I am trying to wrap my head around back-propagation in a neural network with a Softmax classifier, which uses the Softmax function:
\begin{equation} p_j = \frac{e^{o_j}}{\sum_k e^{o_k}} \end{equation}
This is used in a loss function of the form
\begin{equation}L = -\sum_j y_j \log p_j,\end{equation}
where $o$ is a vector.

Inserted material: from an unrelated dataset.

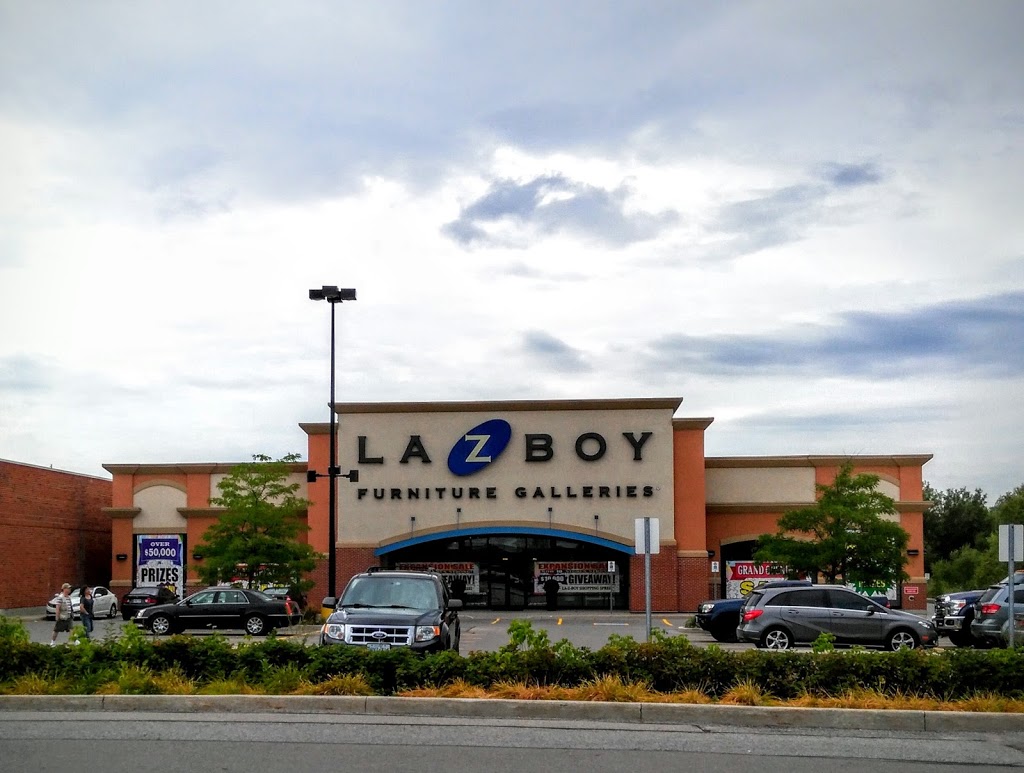 La-Z-Boy Furniture Galleries | 3083 Hwy 7, Markham, ON L3R 0J5, Canada | Phone: (905) 479-0199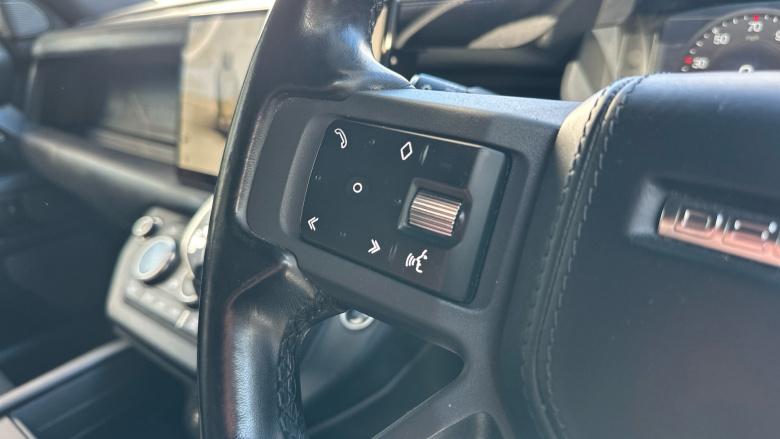 Land Rover Defender 3.0 D250 X-Dynamic HSE 110 5dr Auto Diesel Estate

I need the derivative of $L$ with respect to $o$. Now if my derivatives are right,
\begin{equation} \frac{\partial p_j}{\partial o_i} = p_i(1 - p_i),\quad i = j \end{equation}
and
\begin{equation} \frac{\partial p_j}{\partial o_i} = -p_i p_j,\quad i \neq j. \end{equation}
Using this result we obtain
\begin{eqnarray} \frac{\partial L}{\partial o_i} &=& - \left (y_i (1 - p_i) + \sum_{k\neq i}-p_k y_k \right )\\ &=&p_i y_i - y_i + \sum_{k\neq i} p_k y_k\\ &=& \left (\sum_i p_i y_i \right ) - y_i \end{eqnarray}
According to slides I'm using, however, the result should be
\begin{equation} \frac{\partial L}{\partial o_i} = p_i - y_i. \end{equation}
Can someone please tell me where I'm going wrong?